AVAILABLE RECORDS
══════════

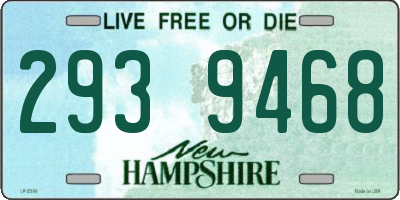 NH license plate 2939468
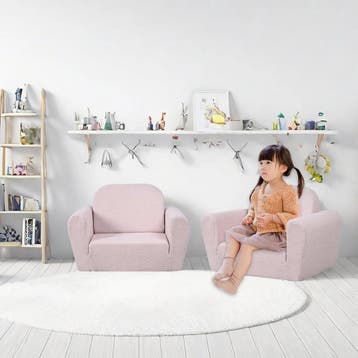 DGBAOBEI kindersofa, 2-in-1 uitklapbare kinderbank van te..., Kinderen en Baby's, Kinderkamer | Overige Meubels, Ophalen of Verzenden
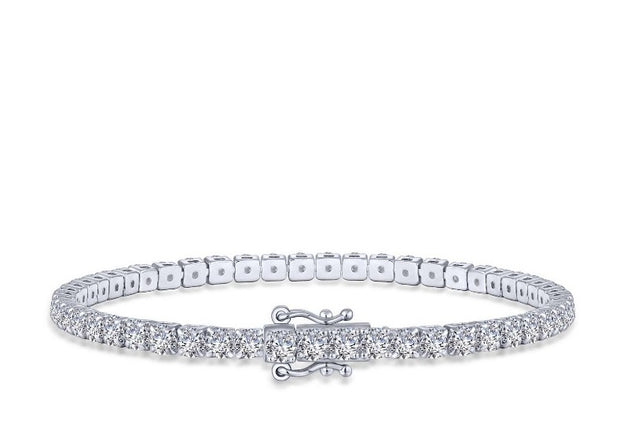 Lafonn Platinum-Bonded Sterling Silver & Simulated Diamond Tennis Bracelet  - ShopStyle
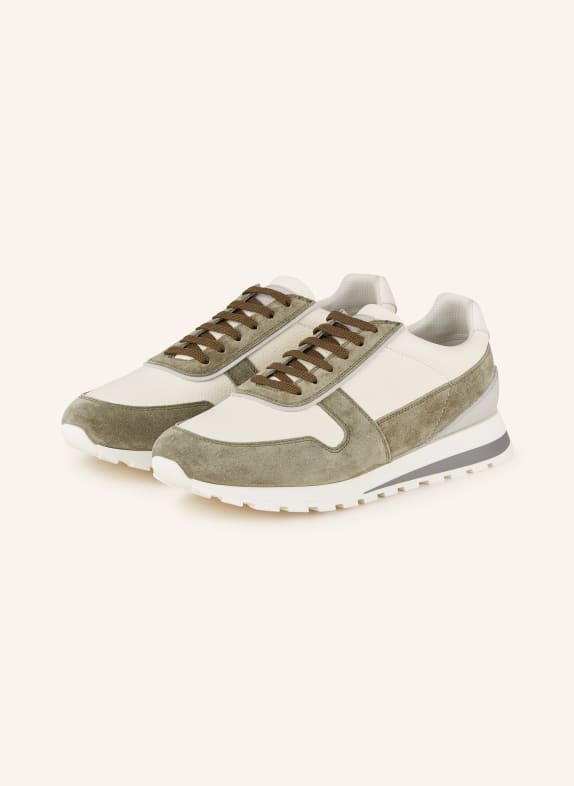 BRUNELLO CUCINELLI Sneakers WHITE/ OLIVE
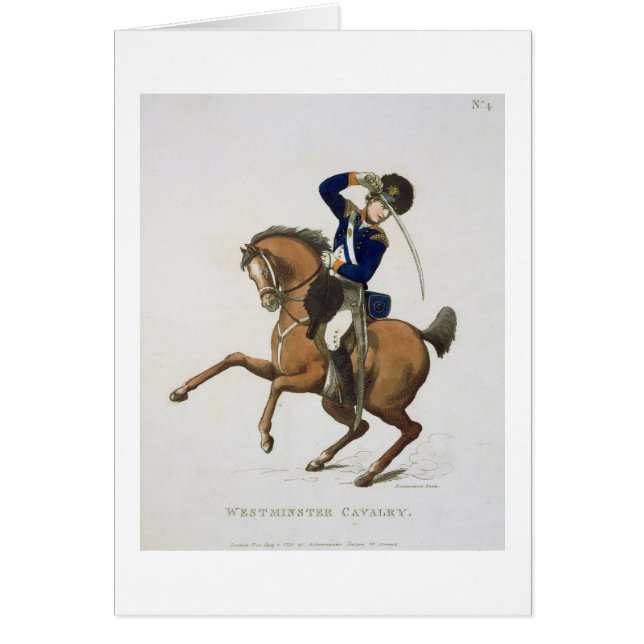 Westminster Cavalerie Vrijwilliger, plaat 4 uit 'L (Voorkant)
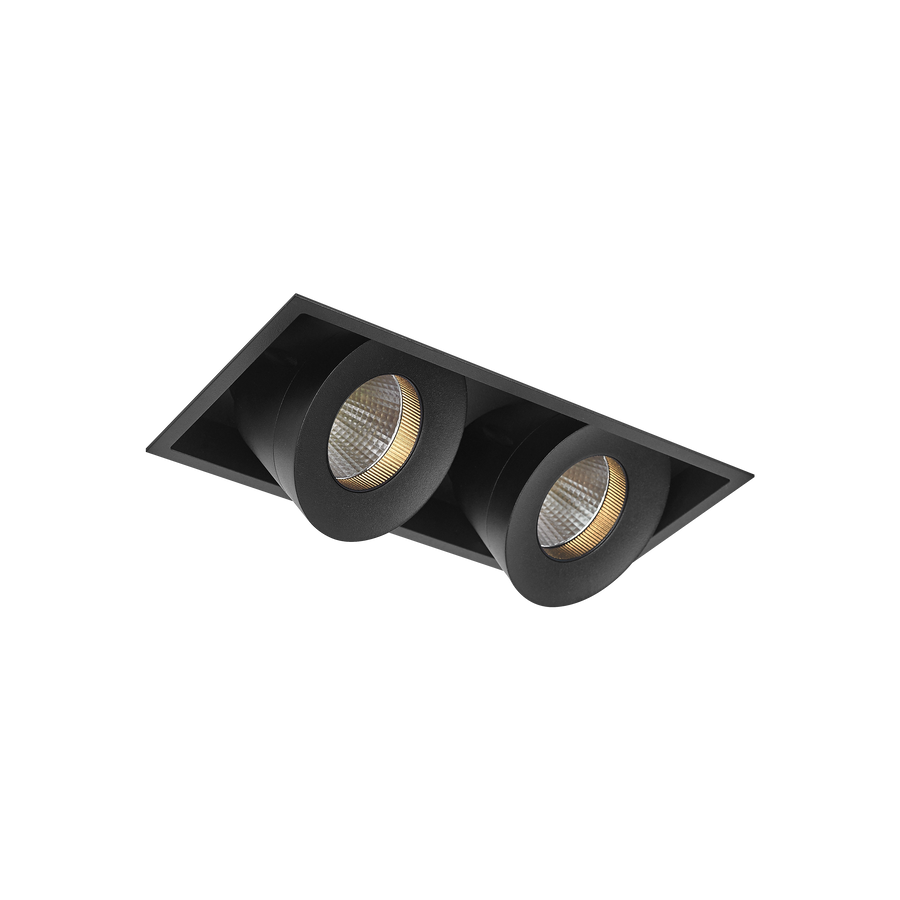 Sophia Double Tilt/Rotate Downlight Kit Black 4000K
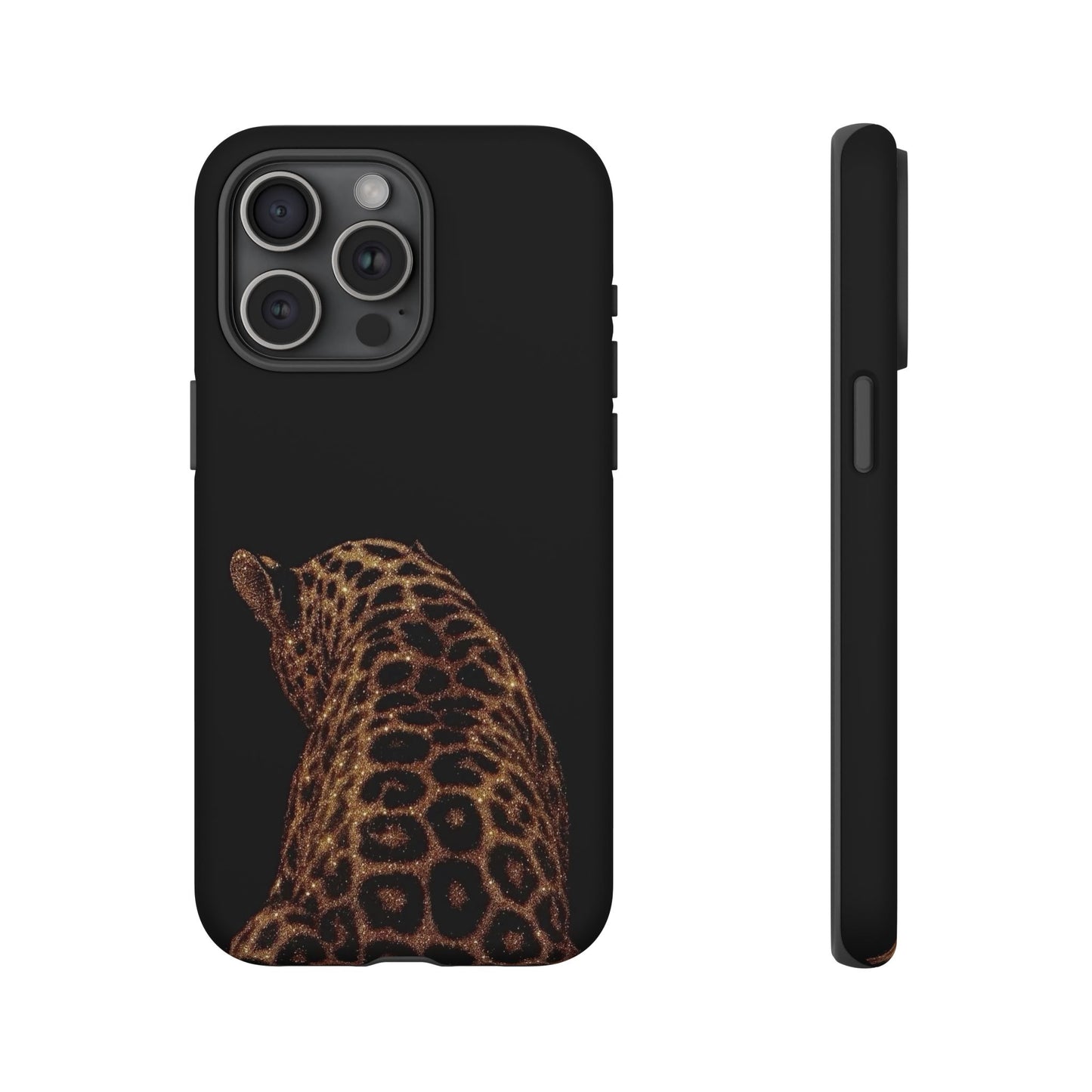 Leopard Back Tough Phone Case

══════════

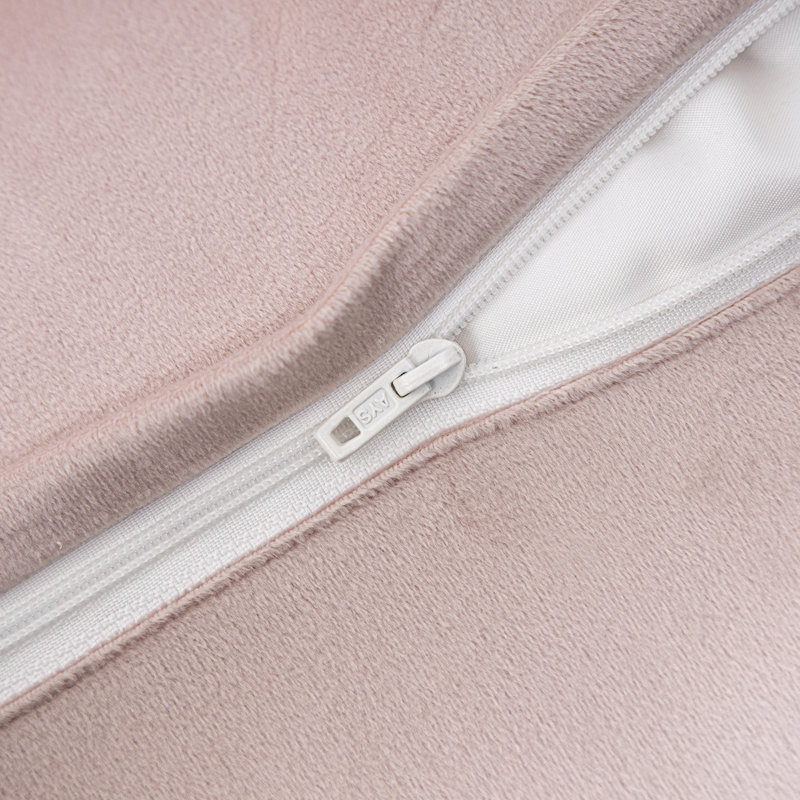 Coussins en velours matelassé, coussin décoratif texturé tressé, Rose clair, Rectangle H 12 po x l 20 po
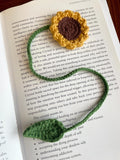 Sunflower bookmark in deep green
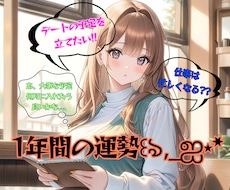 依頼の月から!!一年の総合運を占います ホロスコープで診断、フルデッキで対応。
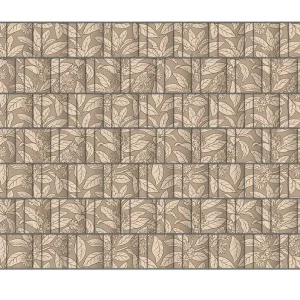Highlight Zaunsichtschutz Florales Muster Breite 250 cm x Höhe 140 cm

══════════

WHAT TO PRODUCE
An exact copy is needed of the entries above, starting at the line that holds "Sunflower bookmark in deep green" and stopping at the line that holds "Highlight Zaunsichtschutz Florales", both kept; pictures stay out.

ANSWER TO THE EXERCISE
 Sunflower bookmark in deep green
 依頼の月から!!一年の総合運を占います ホロスコープで診断、フルデッキで対応。
Highlight Zaunsichtschutz Florales Muster Breite 250 cm x Höhe 140 cm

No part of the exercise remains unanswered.